Big money

The Sunlight Foundation reports that Harry Reid won reelection despite facing an overwhelmingly lopsided flow of big money pouring into the state. For every $1 sent into Nevada in support of Reid, about $7 arrived to beat him, the Foundation reported.

The exact figures are $1,180,711.81 to $7,264,110.73.

Two Karl Rove-affiliated groups alone spent more than $3 million trying to defeat Reid—$2,585,730.81 by Crossroads Grassroots Policy Strategies and $1,207,957.15 by American Crossroads.

At least 19 groups sent money to defeat Reid, usually in five figures, others in six or seven figures.

Eleven sent money to help him, usually in much smaller amounts. None of his supporters hit seven figures, and the six-figure contributions were usually smaller than those opposing him.
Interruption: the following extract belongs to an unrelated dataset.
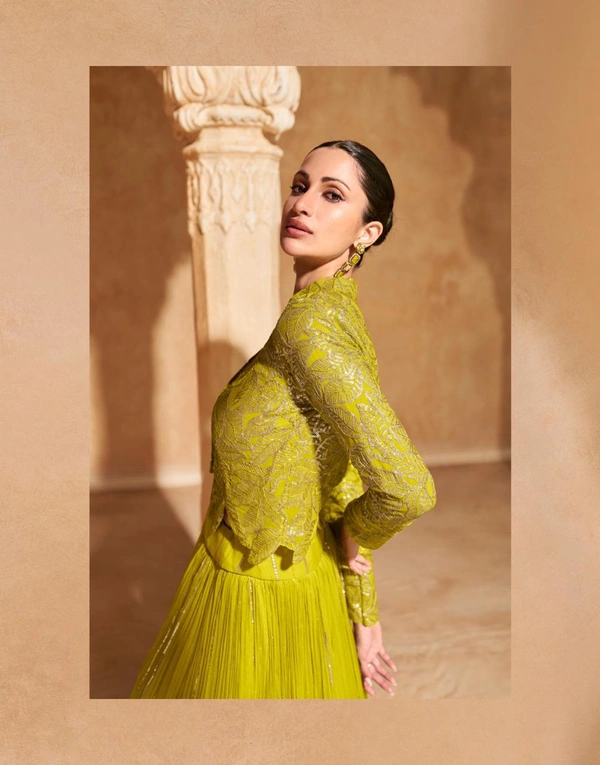 Antique Fashion 1 designer pcs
The largest six-figure amount of Reid-support money was $595,680 from VoteVets, a group of Iraq War veterans. One group sent money to help Reid in three figures—$123.10 from Environment America. MoveOn sent $4,781.36.

In money the candidates raised for themselves, Reid more than overcame Angle. Her fundraising finished up strong at the end, but she paid consultants so much to raise money for her that the impact of her take was blunted.

The source of much of the anti-Reid money was Wall Street, which this year cut its contributions to Democratic groups because of legislation to curb financial abuses that led to the Wall Street meltdown.

The U.S. Supreme Court ruled last year in Citizens United vs. Federal Elections Commission that corporate funding of independent political broadcasts cannot be curbed by Congress, unleashing a tidal wave of money on this year’s campaign. Citizens United, the right wing group at issue in the court case, spent $209,492 in Nevada this year trying to beat Reid.